Introduction:
Quality improvement enhances not only patient outcomes, but also patient satisfaction, involving patients in this process is essential. Empowered patients are fundamental when delivering a home dialysis service. Currently, there is no easy way to assess the quality of the service you are delivering and measure the patient experience relating to this. There are UK national patient reported experience measures (PREMS) within kidney disease more generally, however these do not give granular detail on peritoneal dialysis. We therefore developed a patient reported experience measure of peritoneal dialysis in the form of a hand held score card which can be used to identify individual education gaps and patterns of service issues.
Methods:
We worked collaboratively with patients and PD nurses to develop a patient held scorecard. Patient partnership through focus groups enabled co-production in the design of the instrument. We sampled a variety of visual analogue scales and themes within the focus group to enhance usability for patient partners. Demographics collected included age, gender and whether the patient dialyses independently or assisted. The score card was distributed via postal service to our PD cohort.
Results:
Through patient focus groups we identified that a numerical colour-based scale for scoring the domains of the scorecard (figure 1) was the most favourable due to its simplicity. Key themes were identified by thorough detailed patient and nurse specialist discussion to cover the issues that were most pertinent. The most common themes encountered were patient confidence, the ability to recognise infection, along with pain and the need for a good quality of life. Other themes recognised were based on exit site care and placement. Colour indicators on the scorecard for each domain are interpreted as: green; domain met, no action, amber; improvements could be made, and red; urgent education and training needed. We ran an initial pilot, including only 13 patients. The patients found the card easy to use, clear and liked the option of having free text to add comments. Simplicity of the scorecard is key and is one of its main strengths, it also allows us to evaluate patient’s perception of their knowledge and individualise care and training on areas of concern.
Our second run aimed to analyse the ease of usability of the scorecard and included 22 patients. 95% found it easy to complete and felt it to be a useful tool for new starters to PD. The majority (74%) completed it in <5 minutes.
Once we had established that our scorecard was effective, we distributed this to our local PD population (n=65), with a return rate of 44% (n=29).
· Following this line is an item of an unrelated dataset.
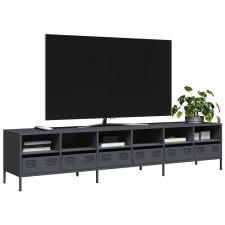 vidaXL antracitszürke hidegen hengerelt acél TV-szekrény 202x39x43,5cm bútor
We were able to highlight that within our service, the ‘green’ domain was the majority in all areas. However, we were able to identify that 31% of the respondents felt that they did not have enough knowledge about PD prior to starting dialysis, and more concerning, 10% of patients (n=3) felt they were unable to recognise the signs or symptoms of peritonitis. See table 1.
Conclusions:
A patient held scorecard has the potential to contribute to quality improvement, not only the care of PD patients, but also patient safety and catheter outcomes.The data derived could potentially feed into a variety of existing improvement programmes such as the Renal Registry, to develop a standardised way of collecting patient centred PD outcome data.By use of the coloured analogue scale there is an opportunity for a dashboard to be developed to allow units to compare quality and patient reported outcome measures. Our initial pilot data was presented at UKKW 2021.
I have no potential conflict of interest to disclose.
I did not use generative AI and AI-assisted technologies in the writing process.